FDA oncology reviewers regularly attend the meeting, as do Bristol

representatives.

FDA will give the committee members a break, as they are likely to

have time constraints during the ASCO meeting; the agency is only

dedicating a half-day to the review, from 10 a.m. to 2 p.m.

Bristol is seeking accelerated approval for dasatinib for

the " treatment of adults with chronic, accelerated, or blast phase

chronic myeloid leukemia with resistance or intolerance to prior

therapy, including imatinib " (Novartis' Gleevec).

The company is also seeking an indication for " treatment of adults

with Philadelphia chromosome-positive acute lymphoblastic leukemia,

and lymphoid blast chronic myeloid leukemia with resistance or

intolerance to prior therapy. "

Bristol submitted the NDA for Sprycel on Dec. 28. FDA is giving the

application a priority review, which would give the product a June

28. user fee deadline.

The submission is primarily based on Phase II data from 1,000

Gleevec-resistant or intolerant patient with CML in various phases

of disease.

According to data presented at the American Society for Hematology

in December, 32% of the 74 patients with myeloid blast phase had a

major hematologic response with dasatinib and 24% of patients

experienced a complete hematologic response.

In 107 accelerated phase patients, dasatinib showed a 59% major

hematologic response rate with 33% of patients experiencing a

complete hematologic response.

The response was even higher in chronic phase patients who were

intolerant or resistant to Gleevec. Among 59 intolerant patients,

97% had a complete hematologic response. The response rate for 127

resistant chronic phase patients was 87%.

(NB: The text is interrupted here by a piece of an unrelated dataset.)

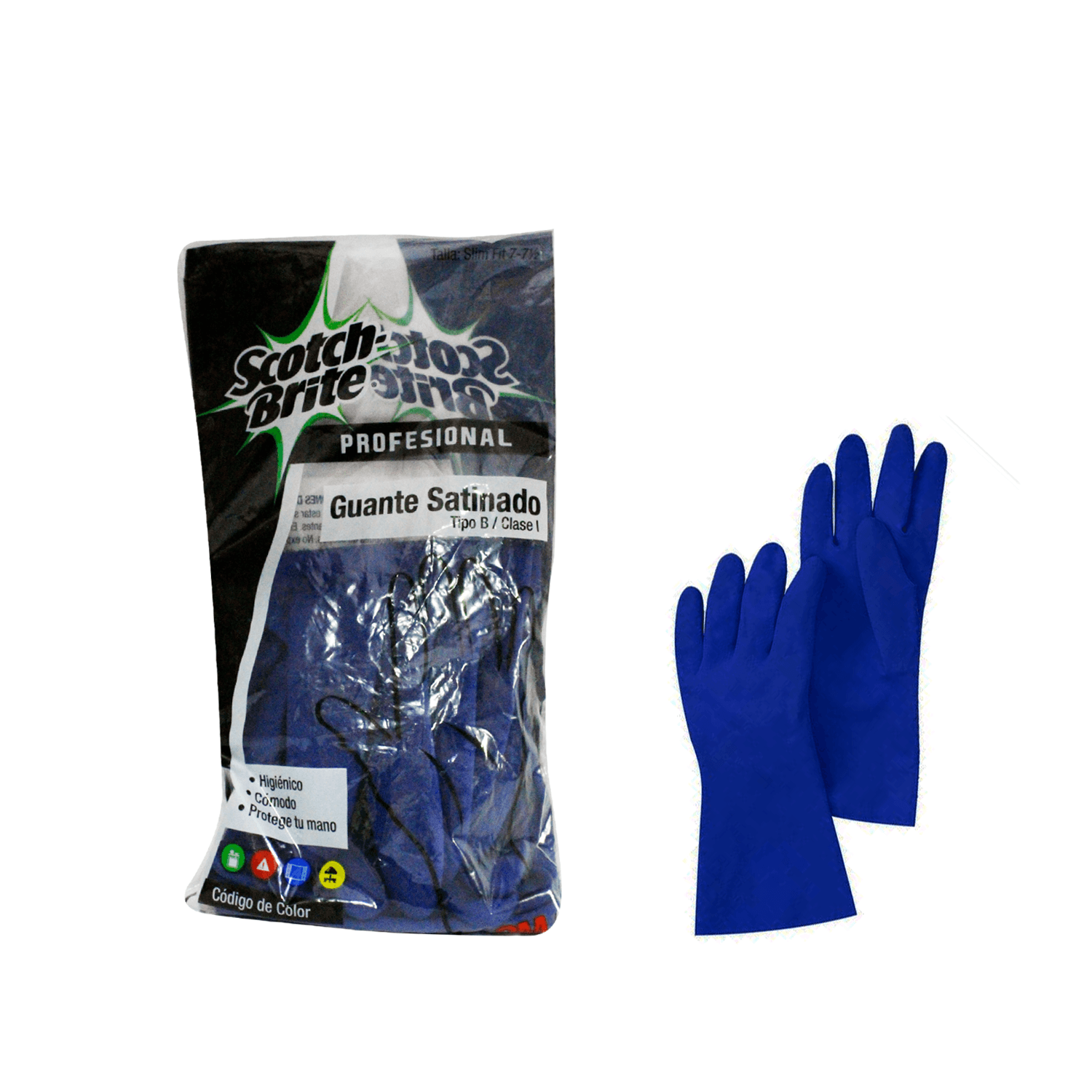 Foto 2 pulgar | Guantes Scotch-Brite 3M Satinado Azul G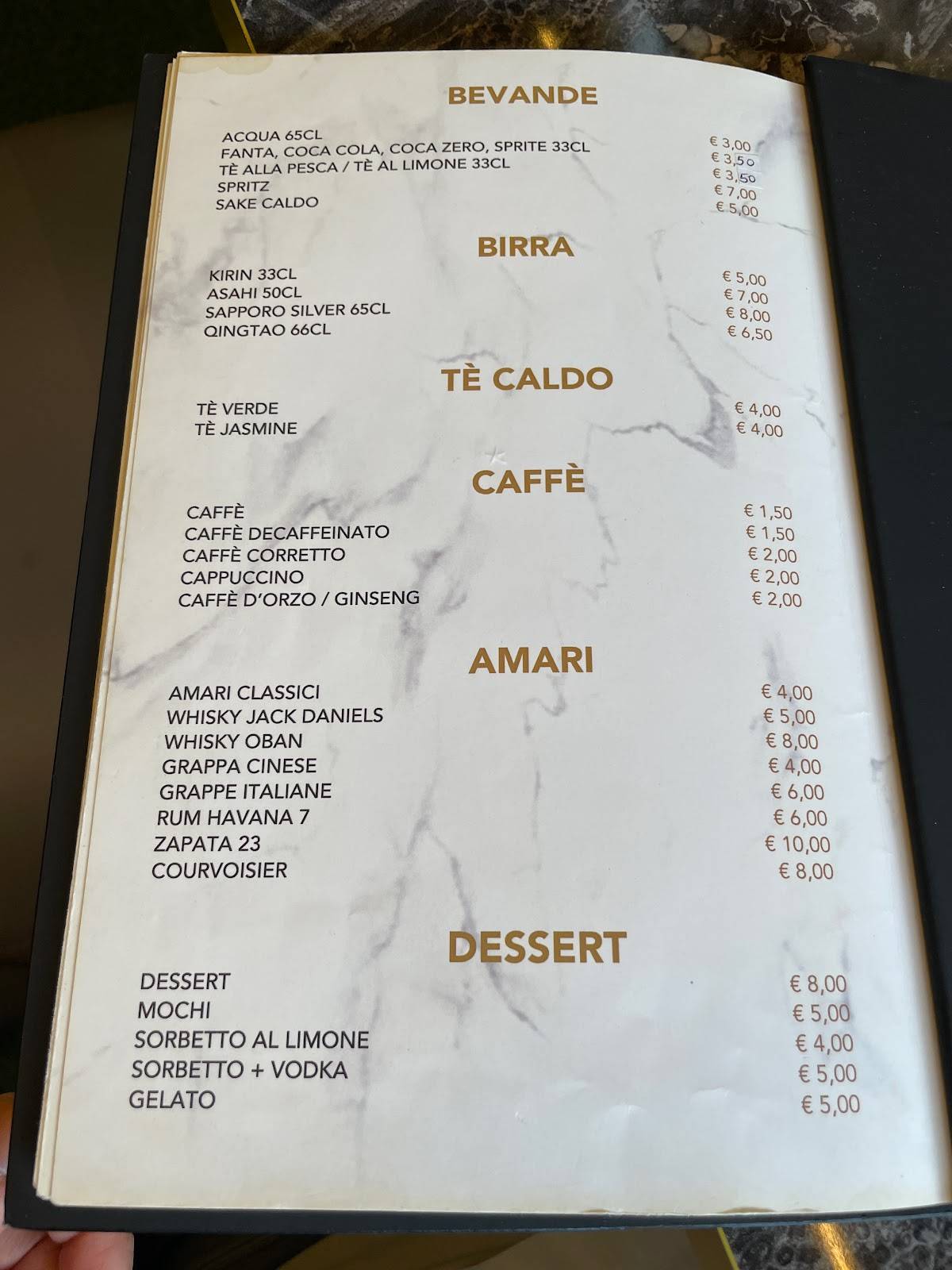 Menu di Oyishi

Complete cytogenetic response rates for the myeloid blast and

accelerated phase patients were in the 30% range, while 22% of

chronic phase patients resistant to imatinib had a complete

cytogenetic response; 56% of intolerant chronic phase patients had a

complete cytogenetic response.

The advisory committee will have to determine if the Phase II data

on hematologic and cytogenetic responses are enough to predict a

clinical benefit for dasatinib, such as prolonged survival in CML

patients.

Bristol estimates that 15%-20% of patients treated for CML do not

achieve major cytogenetic responses to Gleevec within the first 12

months and 5%-10% develop resistance.

Dasatinib is an oral multi-target kinase inhibitor, which, Bristol

reports, has a pre-clinical potency greater than imatinib.